Parfois elle lui demandait des outils pour faire comme lui, mais il lui répondait invariablement :
Tu vois bien que tu es trop petite, tu ne pourrais pas supporter le poids du marteau.
Alors, la petite fille sortait de l’atelier et soulevait des cailloux de plus en plus gros pour pouvoir un jour soulever le marteau. C’était son but : faire comme son père. Elle grandissait et forcissait et un jour que son père s’en était allé ferrer un cheval chez le voisin d’en face, il lui dit :
Reste là, je n’en ai pas pour longtemps.
Alors, elle s’approcha de la forge et saisit le marteau. Il lui sembla lourd, mais elle pouvait maintenant le soulever. Quand on père revint, elle lui dit :
Papa, j’ai grandi et je peux soulever le marteau.
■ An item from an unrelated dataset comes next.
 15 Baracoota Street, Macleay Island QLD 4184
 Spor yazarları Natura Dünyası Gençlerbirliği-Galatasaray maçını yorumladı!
Soulever le marteau, tu n’y penses pas. Tu es trop petite et puis, tu te ferais mal en le maniant.
Emeline retourna dans son coin en pleurant silencieusement. Il ne fallait pas que son père entende ses sanglots, autrement, il la gronderait. Sa fille ne devait jamais pleurer.
Dans les jours qui suivirent, Emeline alla dans la remise et y dénicha un vieux marteau tout ébréché. Elle décida d’apprendre à s’en servir. On ne la vit plus dans l’atelier. Dans la remise elle vit que taper sur le sol ne faisait pas de bruit, et elle répéta les mêmes gestes toute la journée. Elle s’y épuisait, mais ne s’arrêtait que quand son bras la faisait trop souffrir. Au bout de quelques jours, elle comprit que son père ne pouvait l’entendre car la remise était loin de l’atelier et elle tapa sur des vieux outils qui se trouvaient là, jusqu’à épuisement. Bientôt, elle domina son geste et taper pour taper lui sembla bien stérile. Alors elle prit un vieux burin et un madrier qu’elle commença à façonner. C’était magique. Elle en sortait de gros morceaux de bois et au bout d’un moment, apparut la forme d’un cube. Oh c’était un cube tout tordu, mais, ça y ressemblait un peu. Elle rangea tout soigneusement, enleva les copeaux du sol et fit disparaître l’ébauche sous d’autres outils. En sortant, elle se retourna et vit que rien ne trainait. Elle se précipita à la maison et prépara rapidement le repas. De toute façon ...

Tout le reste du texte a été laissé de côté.